YOUR GOAL
Line by line, restate the material word for word, omitting any image.

INFORMATION SHOWN
********
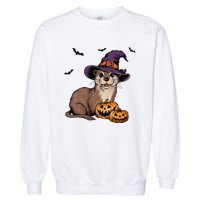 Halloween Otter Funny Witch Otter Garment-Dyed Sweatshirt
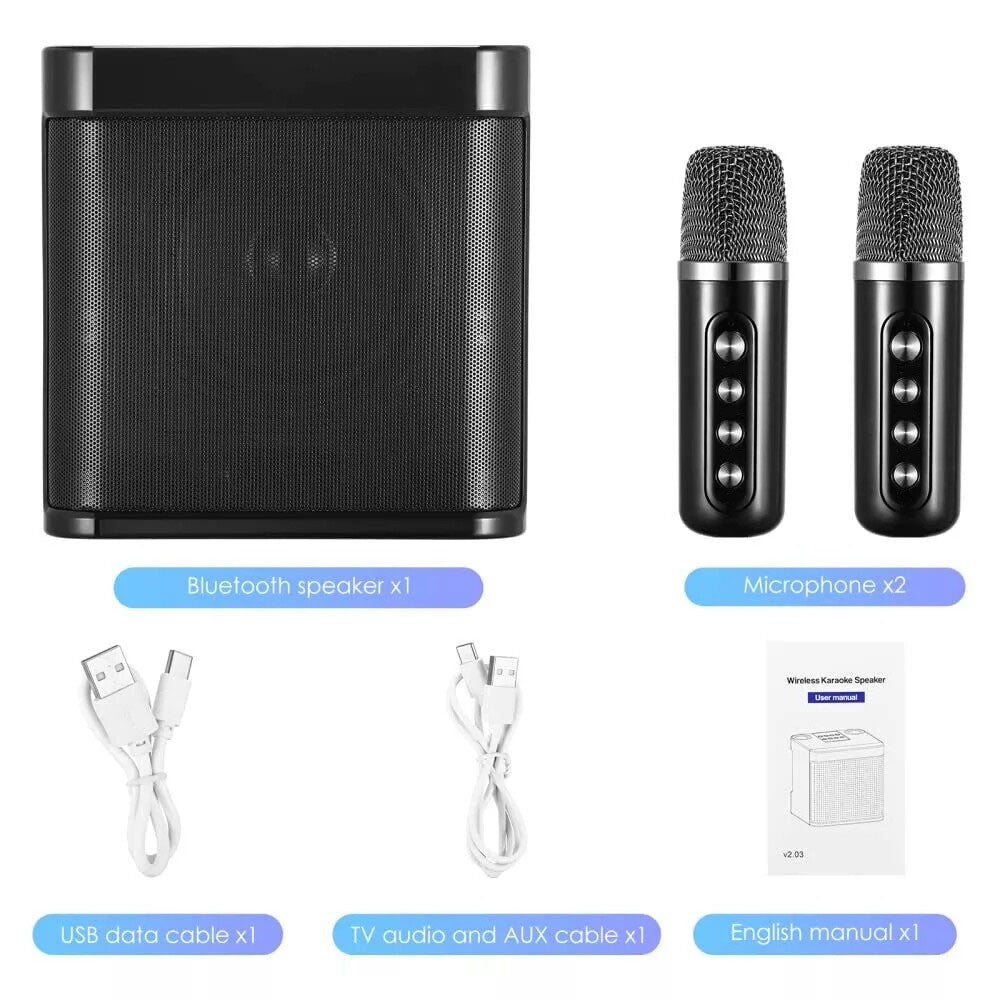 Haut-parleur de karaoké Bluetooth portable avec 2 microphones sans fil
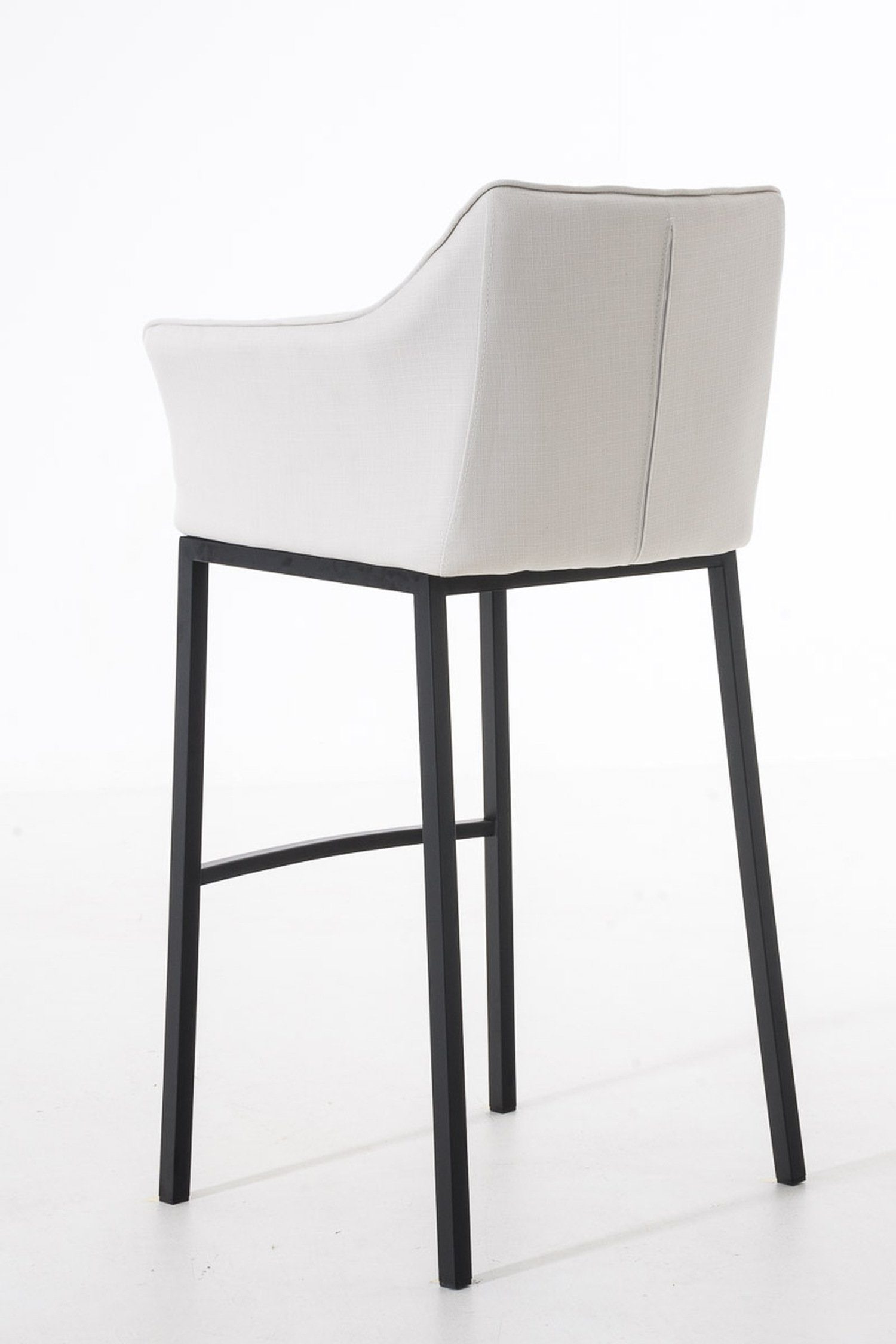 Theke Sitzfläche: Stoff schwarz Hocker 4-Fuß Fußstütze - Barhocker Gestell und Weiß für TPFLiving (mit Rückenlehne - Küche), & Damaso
********
RESPONSE BOX
 Halloween Otter Funny Witch Otter Garment-Dyed Sweatshirt
 Haut-parleur de karaoké Bluetooth portable avec 2 microphones sans fil
 Theke Sitzfläche: Stoff schwarz Hocker 4-Fuß Fußstütze - Barhocker Gestell und Weiß für TPFLiving (mit Rückenlehne - Küche), & Damaso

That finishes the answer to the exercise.